Q4: “Andrambavitany” では、SNS でインスタントに快楽を追い求める若い世代を風刺していますね?一方であなたたちは、マダガスカルの伝統と見事に調和しながら、同時に新しい挑戦も続けています。

【LohArano】: 私たちは、楽しむために飲むのではなく、仲間に飲めと言われるから飲む人をたくさん知っている。
そして、若さが社会が求めていることであることを念頭に置きながら、自分自身が良い気分になるために自分を見せびらかす多くの女の子たちを知っている。だからこそ ANDRIAMBAVITANY は何よりもこう伝えているんだ。”自分の体と魂を大切にしなさい” とね。

Q5: In fact, your music is a wonderful blend of intelligent metal like RATM, SOAD, Tool, and the traditional music of Madagascar. Can you explain to our readers about Madagascar’s traditional music?

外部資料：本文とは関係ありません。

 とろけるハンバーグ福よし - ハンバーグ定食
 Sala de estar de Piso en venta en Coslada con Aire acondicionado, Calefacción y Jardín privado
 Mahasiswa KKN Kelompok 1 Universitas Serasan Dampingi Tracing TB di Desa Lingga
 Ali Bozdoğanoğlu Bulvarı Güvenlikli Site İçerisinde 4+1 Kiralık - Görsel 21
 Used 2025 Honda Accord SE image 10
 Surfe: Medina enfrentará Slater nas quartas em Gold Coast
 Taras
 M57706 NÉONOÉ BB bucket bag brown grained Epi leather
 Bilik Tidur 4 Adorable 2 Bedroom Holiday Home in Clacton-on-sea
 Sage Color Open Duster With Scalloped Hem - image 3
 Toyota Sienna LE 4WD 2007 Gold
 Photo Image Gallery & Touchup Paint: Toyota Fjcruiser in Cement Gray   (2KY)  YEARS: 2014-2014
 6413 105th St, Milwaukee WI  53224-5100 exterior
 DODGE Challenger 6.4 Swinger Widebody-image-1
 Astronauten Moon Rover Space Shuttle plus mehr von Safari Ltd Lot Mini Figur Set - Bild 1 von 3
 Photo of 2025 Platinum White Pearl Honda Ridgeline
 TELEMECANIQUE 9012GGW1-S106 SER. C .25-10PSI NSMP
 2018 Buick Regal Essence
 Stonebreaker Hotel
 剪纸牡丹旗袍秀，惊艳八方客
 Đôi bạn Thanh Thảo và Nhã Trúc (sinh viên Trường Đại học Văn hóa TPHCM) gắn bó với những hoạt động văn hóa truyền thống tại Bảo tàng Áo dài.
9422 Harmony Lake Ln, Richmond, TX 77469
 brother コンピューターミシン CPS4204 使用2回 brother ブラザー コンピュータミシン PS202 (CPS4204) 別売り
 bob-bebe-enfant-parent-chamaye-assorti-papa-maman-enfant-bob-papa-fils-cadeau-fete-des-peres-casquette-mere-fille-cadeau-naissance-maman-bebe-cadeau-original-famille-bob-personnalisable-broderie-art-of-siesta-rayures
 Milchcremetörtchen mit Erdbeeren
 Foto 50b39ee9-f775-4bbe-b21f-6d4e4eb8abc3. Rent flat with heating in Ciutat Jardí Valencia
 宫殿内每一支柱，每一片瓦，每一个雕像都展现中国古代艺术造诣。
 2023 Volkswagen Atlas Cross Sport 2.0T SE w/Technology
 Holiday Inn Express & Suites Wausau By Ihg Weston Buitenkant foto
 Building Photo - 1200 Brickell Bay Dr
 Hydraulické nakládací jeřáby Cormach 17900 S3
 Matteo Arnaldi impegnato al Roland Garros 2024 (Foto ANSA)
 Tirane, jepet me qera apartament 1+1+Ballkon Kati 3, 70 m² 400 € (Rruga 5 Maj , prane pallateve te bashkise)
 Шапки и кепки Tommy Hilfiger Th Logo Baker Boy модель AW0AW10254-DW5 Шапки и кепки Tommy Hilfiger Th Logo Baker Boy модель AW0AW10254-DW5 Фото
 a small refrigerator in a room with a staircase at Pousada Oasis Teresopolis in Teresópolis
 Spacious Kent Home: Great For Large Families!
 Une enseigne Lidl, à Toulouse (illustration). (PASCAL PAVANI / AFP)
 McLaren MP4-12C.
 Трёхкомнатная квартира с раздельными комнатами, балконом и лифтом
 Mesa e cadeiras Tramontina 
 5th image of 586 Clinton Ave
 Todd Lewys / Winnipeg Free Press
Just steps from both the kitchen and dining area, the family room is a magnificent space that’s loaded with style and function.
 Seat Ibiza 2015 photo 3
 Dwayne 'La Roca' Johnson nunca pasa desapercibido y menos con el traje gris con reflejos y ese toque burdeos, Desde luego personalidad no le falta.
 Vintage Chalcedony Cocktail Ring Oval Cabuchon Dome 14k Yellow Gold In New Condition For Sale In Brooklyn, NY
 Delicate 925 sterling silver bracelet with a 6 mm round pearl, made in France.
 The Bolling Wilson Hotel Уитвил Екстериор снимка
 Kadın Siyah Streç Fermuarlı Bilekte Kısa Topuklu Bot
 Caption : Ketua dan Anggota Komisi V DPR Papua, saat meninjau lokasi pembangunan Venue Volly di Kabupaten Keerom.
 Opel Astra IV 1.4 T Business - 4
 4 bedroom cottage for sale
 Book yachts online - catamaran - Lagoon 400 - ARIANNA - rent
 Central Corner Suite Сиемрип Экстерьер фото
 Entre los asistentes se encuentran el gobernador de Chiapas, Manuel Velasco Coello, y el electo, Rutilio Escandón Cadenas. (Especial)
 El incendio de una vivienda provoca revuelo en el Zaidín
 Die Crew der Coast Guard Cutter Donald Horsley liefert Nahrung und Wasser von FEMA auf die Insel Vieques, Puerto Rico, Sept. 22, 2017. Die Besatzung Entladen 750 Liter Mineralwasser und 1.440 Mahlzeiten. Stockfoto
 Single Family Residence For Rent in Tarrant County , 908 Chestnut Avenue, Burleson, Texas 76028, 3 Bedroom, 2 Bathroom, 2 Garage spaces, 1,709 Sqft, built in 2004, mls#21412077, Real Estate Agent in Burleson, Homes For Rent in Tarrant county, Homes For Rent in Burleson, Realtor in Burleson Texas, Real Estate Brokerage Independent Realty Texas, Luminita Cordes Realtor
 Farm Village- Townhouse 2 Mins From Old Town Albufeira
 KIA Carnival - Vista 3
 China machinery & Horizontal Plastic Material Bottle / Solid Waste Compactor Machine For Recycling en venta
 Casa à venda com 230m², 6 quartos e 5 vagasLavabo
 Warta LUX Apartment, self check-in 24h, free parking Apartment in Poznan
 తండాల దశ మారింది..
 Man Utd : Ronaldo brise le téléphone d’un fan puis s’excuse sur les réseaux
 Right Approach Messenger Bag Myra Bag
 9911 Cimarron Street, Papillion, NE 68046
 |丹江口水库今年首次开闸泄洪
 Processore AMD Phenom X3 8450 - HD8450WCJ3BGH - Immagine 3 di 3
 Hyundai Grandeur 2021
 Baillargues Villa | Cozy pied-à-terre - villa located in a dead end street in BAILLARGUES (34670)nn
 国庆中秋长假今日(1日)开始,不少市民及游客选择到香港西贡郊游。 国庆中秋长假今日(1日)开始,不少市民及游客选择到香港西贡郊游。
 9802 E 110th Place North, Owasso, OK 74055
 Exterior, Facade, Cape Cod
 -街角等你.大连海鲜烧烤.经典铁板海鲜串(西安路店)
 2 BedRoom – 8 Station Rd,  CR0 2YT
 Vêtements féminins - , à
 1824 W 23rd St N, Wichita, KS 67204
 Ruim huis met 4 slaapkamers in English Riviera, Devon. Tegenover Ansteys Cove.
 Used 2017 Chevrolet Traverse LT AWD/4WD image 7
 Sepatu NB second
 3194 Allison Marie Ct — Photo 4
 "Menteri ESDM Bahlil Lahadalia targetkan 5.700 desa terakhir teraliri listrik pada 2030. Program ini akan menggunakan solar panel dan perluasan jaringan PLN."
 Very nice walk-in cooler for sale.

【LohArano】: Traditional Malagasy music is very varied depending on the region and ethnic group, so to try and generalize would be a mistake hahaha. Here are a few broad examples: in the north, we have Salegy, a festive, ambient music whose icon, JAOJOBY, is nicknamed the King of Salegy; in the south, we have Tsapiky, Beko and Kilalaky, also ambient but with a more melancholic, sad theme… There’s also Vakodrazana, Hira Gasy in the highlands.

Q5: 実際、あなたたちの音楽は RATM、SOAD、TOOL のようなインテリジェントなグルーヴ・メタルとマダガスカルの伝統音楽が見事に融合しています。マダガスカルの伝統音楽について弊誌の読者に簡単に説明していただけますか?

【LohArano】: 伝統的なマダガスカル音楽は、地域や民族によって実に様々なんだよ。だから簡単に説明するのは難しい (笑)。北部にはアンビエントなサレギーがあり、その象徴である JAOJOBY はサレギーの王というニックネームを持っている。南部にはツァピキー、ベコ、キララキーがあり、これもアンビエントだが、よりメランコリックで悲しいテーマを持っているよ。高地にはヴァコドラザナ、ヒラ・ガシーもあるんだ。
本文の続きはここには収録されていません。